In larger businesses, companies will add a storage area network (SAN), which is a consolidated place for all storage. SANs are expensive, and even then, you’re out of luck if your data center goes down. So the largest enterprises will build an entirely new data center somewhere else, with another set of identical mail servers, another SAN and more people to staff them…

…big companies will often build the second data center far away, in a different ‘threat zone’, which creates even more management headaches. Next they need to ensure the primary SAN talks to the backup SAN, so they have to implement robust bandwidth to handle terabytes of data flying back and forth without crippling their network.

For a large enterprise running SANs, the RTO and RPO targets are an hour or less: the more you pay, the lower the numbers. That can mean a large company spending the big bucks is willing to lose all the email sent to them for up to an hour after the system goes down, and go without access to email for an hour as well. Enterprises without SANs may be literally trucking tapes back and forth between data centers, so as you can imagine their RPOs and RTOs can stretch into days.
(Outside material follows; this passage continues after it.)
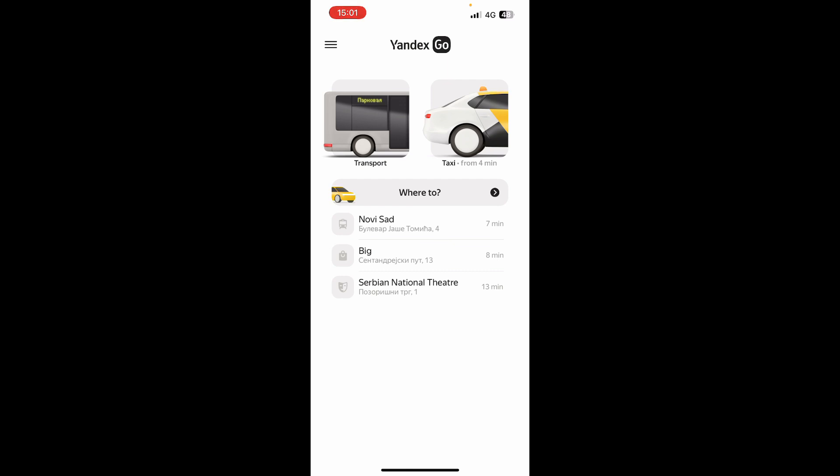Now that we got that out of the way, let's see what we actually have in front of us here. As you can see, here we have the Yandex Go official application, where you can choose your transport or taxi, whichever you want. You can go and tap on 'Where to' to put the location where you want your taxi to bring you.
As for small businesses, often they just have to start over.

Some companies have adopted synchronous replication as well, but it is even more expensive than everything else we’ve mentioned. To backup 25GB of data with synchronous replication a business may easily pay from $150 to $500+ in storage and maintenance costs- and that’s per employee. That doesn’t even include the cost of the applications. The exact price depends on a number of factors such as the number of times the data is replicated and the choice of service provider.

At the low end a company might tier the number of times they replicate data, and at the high end they’ll make several copies of the data for everyone.

Google Apps instead:

…our RPO design target is zero, and our RTO design target is instant failover. We do this through live or synchronous replication: every action you take in Gmail is simultaneously replicated in two data centers at once, so that if one data center fails, we nearly instantly transfer your data over to the other one that’s also been reflecting your actions.

We also replicate all the data multiple times, and the 25GB per employee for Gmail is backed up for free. Plus you get even more disk space for storage-intensive applications like Google Docs, Google Sites and Google Video for business.

…we have very high speed connections between data centers, so that we can transfer data very quickly from one set of servers to another. This let us replicate large amounts of data simultaneously.